Pencegahan Kekerasan Seksual tak cukup hanya dengan Peran Keluarga

Oleh: Mona Fatnia Mamonto, S.Pd

BUKAN petaka apabila tak ada sebabnya, bukan pula luka bila pada akhirnya menyisakan tangis dan trauma. Kekerasan seksual tak ubahnya gunung es yang terus memuncak, masalah demi masalah beriringan muncul bukan tanpa alasan yang dibuat, melainkan aturan yang tak jelas arahnya kemana hingga korban pun bermunculan dimana-mana, seperti menebar benih padi yang akhirnya hanya meninggalkan tunasrusak. Inilah polemik hari ini yang kian menjamur, bila hanya ada samar-samar, sementara banyak kerusakan tak terelakan. Lalu andil negara dimana? Bilamana keluarga adalah sarang penyebabnya ?

Peran Keluarga : Maksimalkah ?

Berjalannya waktu, setiap aturan yang dikeluarkan tentunya menghasilkan perbaikan yang sesuai dengan kepentingan perorangan, terlebih pada terancamnya nyawa seseorang atau harga diri. Hal ini tentu berbalik dengan apa yang terjadi hari ini, secara nyata lebih sering terjadi di lingkungan keluarga, yang notabenenya adalah tempat berlindung dari segala kerusakan dunia luar yang hingga hari ini tak pernah henti meski dibuat aturan baru bahkan sampai direvisi sedemikian cantik, nyatanya hanya memunculkan kerusakan baru yang tak ada jerahnya.
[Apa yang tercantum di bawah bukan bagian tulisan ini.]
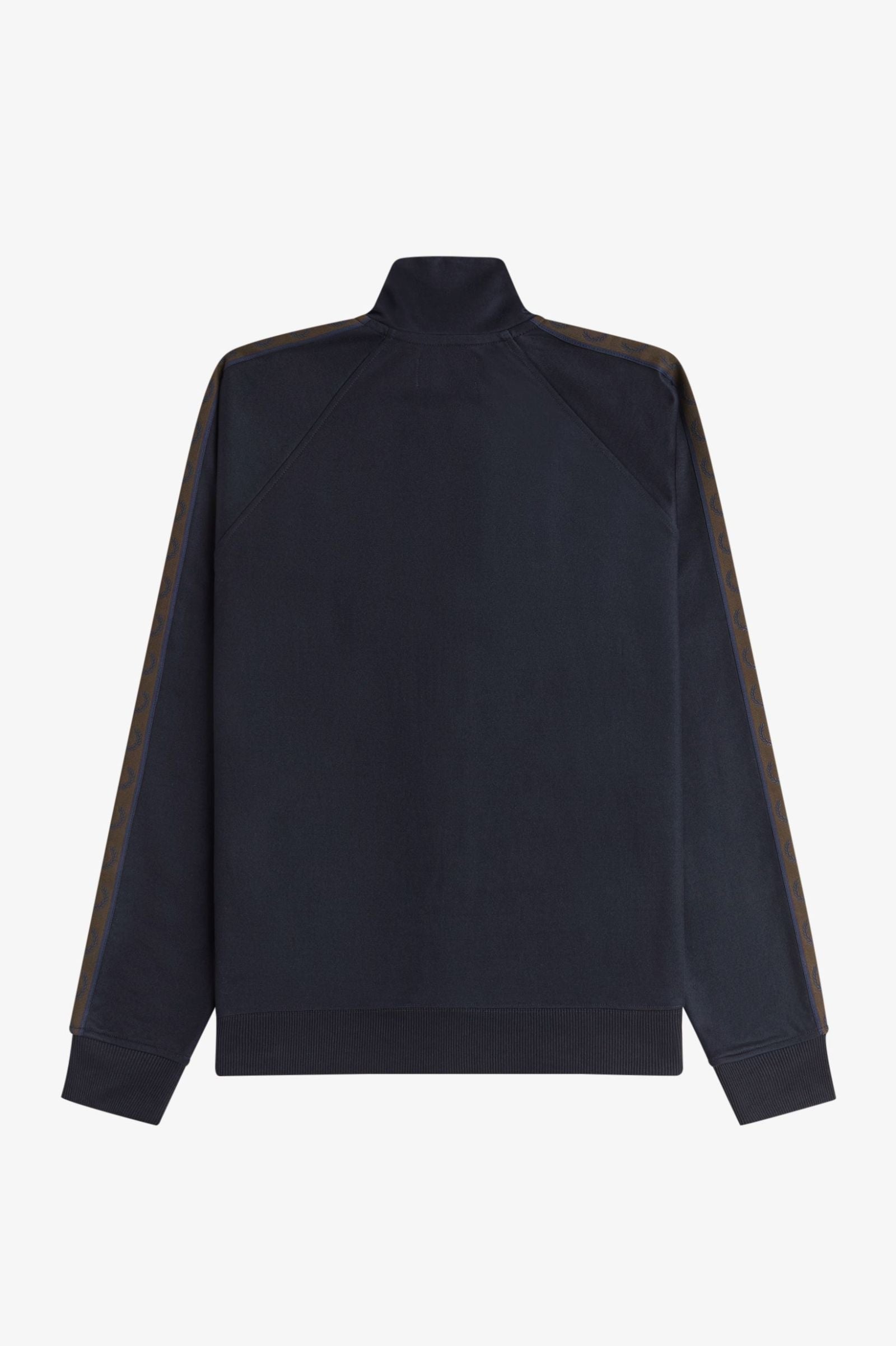 Contrast Tape Track Jacket Fred Perry AW25 - Navy / Burnt Tobacco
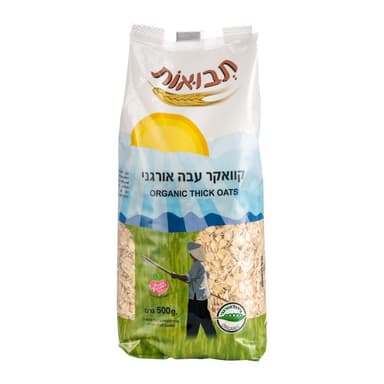 קוואקר עבה אורגני 500 גר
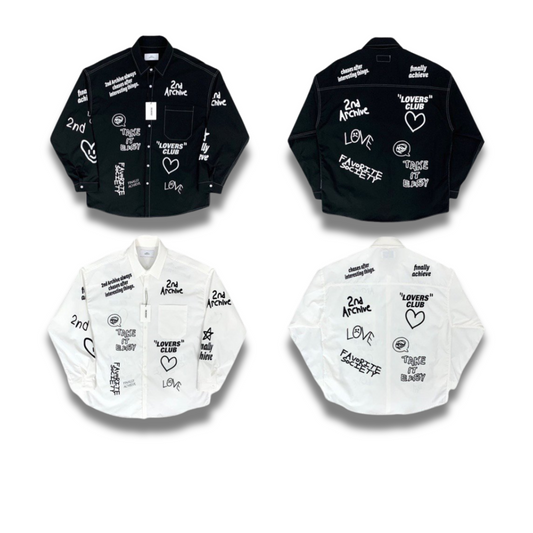 鮮やかな文字デザインの2nd Archiveシャツ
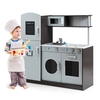 Kids Kitchen Set with Sink and Faucet,  Stove,  Oven and Microwave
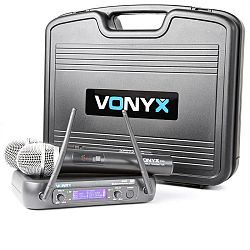 Vonyx WM73, bezdrátový 2kanálový UHF vysílací systém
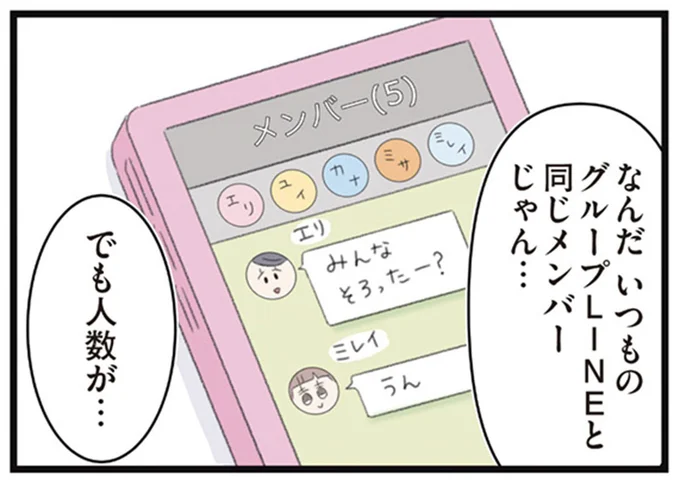 なんだ　いつものグループLINEと同じメンバーじゃん…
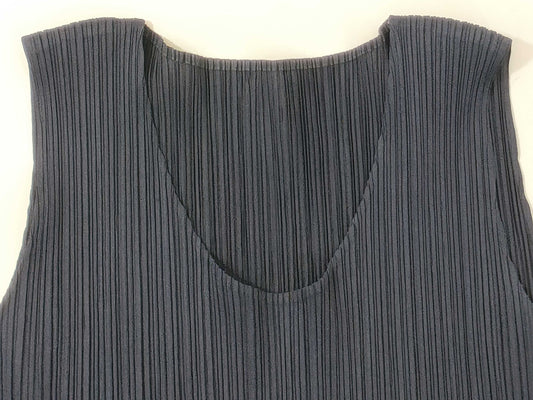 PLEATS PLEASE □ Issey Miyake Pleated Sleeveless Dress Dress
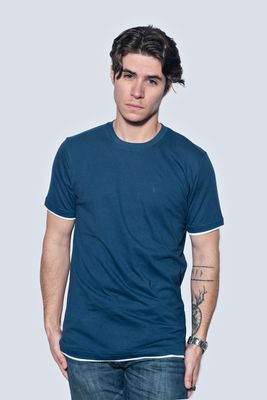 Básica doble color azul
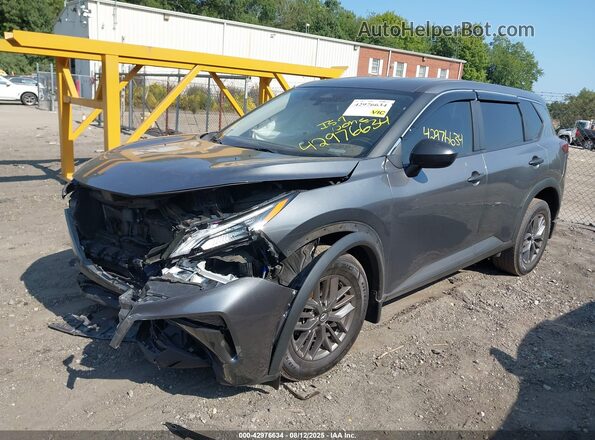 5N1AT3AB8MC748976 2021 NISSAN ROGUE Gray Przód lewy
Perlahan tapi pasti, pada fakta yang ada, seorang ayah berinisial SH (54) mencabuli putri kandungnya berinisial NF yang berumur (19). Aksi bejat yang dilakukan oleh ayahnya ini sudah delapan tahun, yakni ketika korban masih duduk dibangku kelas 4 SD tahun 2014 sampai kejadian bejat tersebut diakhiri pada bulan Agustus 2023, yang lebih menyayat hati korban disetubuhi oleh ayahnya sendiri kurang lebih 100 kali. (cnnindonesia.com, 30-08-2023).

Pencegahan Kekerasan Seksual tak cukup hanya dengan Peran Keluarga

Ini pun didukung dengan fakta lain dari lingkup keluarga, Kepolisian Polres Buleleng, Bali, menetapkan tiga orang tersangka pencabulan terhadap bocah perempuan (7 tahun), dimana terjadi di Kecamatan Sawan, Kabupaten Buleleng, Bali. Ketiga pelaku merupakan orang dekat korban, PD (80) yang merupakan kakek korban, KM (30) paman korban, dan KA (43) tetangga korban. Ironisnya, korban pun mengidap penyakit menular seksual (PMS) yang diduga kuat ditularkan oleh paman korban (KM). (muslimahnews,02-09-2023).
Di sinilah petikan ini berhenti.